Stored dataset items:
· · ·

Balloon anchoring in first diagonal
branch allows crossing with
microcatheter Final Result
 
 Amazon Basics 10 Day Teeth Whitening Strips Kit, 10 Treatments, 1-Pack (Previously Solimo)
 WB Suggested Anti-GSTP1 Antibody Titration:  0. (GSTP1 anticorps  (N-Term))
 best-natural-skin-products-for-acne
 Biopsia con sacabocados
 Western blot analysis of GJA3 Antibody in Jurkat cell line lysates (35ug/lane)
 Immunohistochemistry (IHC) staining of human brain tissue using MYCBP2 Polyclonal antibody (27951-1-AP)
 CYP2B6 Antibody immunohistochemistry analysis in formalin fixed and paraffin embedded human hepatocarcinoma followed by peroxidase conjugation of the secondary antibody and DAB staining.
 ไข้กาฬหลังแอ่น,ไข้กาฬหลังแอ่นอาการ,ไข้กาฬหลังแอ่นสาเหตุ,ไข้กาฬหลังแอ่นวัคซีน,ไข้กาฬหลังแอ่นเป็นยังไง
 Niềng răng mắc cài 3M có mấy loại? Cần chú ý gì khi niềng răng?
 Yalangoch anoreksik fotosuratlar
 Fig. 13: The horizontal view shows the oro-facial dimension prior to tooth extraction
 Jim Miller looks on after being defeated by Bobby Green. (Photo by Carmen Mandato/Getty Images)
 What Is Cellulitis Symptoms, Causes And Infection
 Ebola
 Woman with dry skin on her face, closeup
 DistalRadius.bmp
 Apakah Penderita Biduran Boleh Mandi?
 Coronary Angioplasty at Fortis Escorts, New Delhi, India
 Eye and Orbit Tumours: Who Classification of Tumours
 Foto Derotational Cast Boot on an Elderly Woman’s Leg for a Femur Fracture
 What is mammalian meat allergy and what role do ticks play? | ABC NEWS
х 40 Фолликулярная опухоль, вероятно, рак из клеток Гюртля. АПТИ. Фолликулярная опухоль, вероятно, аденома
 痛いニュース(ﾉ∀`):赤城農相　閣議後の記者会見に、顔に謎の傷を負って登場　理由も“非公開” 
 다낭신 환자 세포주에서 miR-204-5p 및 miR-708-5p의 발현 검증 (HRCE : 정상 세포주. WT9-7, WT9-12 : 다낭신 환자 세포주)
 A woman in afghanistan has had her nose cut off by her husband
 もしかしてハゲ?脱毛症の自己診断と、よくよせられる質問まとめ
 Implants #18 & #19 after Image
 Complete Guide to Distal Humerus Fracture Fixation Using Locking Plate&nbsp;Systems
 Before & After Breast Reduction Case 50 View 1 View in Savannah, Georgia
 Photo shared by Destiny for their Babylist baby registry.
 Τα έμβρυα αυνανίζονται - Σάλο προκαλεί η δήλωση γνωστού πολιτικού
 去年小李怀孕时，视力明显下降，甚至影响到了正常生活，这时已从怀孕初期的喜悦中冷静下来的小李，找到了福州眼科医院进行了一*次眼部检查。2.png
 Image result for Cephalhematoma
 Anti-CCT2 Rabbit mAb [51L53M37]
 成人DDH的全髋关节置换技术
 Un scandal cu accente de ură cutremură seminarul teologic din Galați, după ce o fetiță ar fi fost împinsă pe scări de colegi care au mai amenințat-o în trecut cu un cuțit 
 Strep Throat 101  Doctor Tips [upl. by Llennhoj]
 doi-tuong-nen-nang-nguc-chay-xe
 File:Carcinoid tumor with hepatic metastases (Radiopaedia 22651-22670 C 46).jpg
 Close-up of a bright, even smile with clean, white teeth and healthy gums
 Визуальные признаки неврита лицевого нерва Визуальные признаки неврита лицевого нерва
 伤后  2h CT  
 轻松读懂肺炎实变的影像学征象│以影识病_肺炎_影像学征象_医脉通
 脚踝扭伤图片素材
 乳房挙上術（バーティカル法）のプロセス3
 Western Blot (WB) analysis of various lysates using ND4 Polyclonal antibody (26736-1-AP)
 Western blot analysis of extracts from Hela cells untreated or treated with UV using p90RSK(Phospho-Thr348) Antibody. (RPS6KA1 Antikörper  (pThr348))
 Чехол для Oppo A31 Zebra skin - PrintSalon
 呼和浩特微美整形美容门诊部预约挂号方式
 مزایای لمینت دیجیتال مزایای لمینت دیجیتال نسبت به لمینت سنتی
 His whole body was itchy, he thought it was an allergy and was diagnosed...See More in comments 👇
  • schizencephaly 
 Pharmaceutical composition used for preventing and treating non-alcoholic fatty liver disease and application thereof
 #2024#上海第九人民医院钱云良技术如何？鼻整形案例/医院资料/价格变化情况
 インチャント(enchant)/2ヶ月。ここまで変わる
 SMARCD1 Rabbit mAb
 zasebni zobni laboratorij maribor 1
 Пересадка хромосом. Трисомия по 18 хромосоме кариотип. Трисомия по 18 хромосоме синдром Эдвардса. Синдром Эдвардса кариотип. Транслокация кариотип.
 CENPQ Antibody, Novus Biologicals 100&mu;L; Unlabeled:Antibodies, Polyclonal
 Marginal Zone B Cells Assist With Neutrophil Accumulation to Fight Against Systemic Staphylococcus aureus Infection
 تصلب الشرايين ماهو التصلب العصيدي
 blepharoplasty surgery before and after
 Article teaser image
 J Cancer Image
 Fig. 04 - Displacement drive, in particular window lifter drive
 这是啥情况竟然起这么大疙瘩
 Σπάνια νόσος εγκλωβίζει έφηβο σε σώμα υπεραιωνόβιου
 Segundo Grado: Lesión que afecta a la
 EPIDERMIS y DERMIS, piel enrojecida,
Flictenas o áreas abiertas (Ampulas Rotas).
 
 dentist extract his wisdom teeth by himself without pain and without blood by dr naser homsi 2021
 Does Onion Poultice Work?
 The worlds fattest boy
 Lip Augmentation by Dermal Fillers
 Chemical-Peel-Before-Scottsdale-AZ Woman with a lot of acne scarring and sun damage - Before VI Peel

· · ·

◆ Problem statement: Could you reproduce exactly the lines of the entries above, from the one with "もしかしてハゲ?脱毛症の自己診断と、よくよせられる質問まとめ" through the one with "Τα έμβρυα αυνανίζονται", and nothing else?

◆ Task answer:
 もしかしてハゲ?脱毛症の自己診断と、よくよせられる質問まとめ
 Implants #18 & #19 after Image
 Complete Guide to Distal Humerus Fracture Fixation Using Locking Plate&nbsp;Systems
 Before & After Breast Reduction Case 50 View 1 View in Savannah, Georgia
 Photo shared by Destiny for their Babylist baby registry.
 Τα έμβρυα αυνανίζονται - Σάλο προκαλεί η δήλωση γνωστού πολιτικού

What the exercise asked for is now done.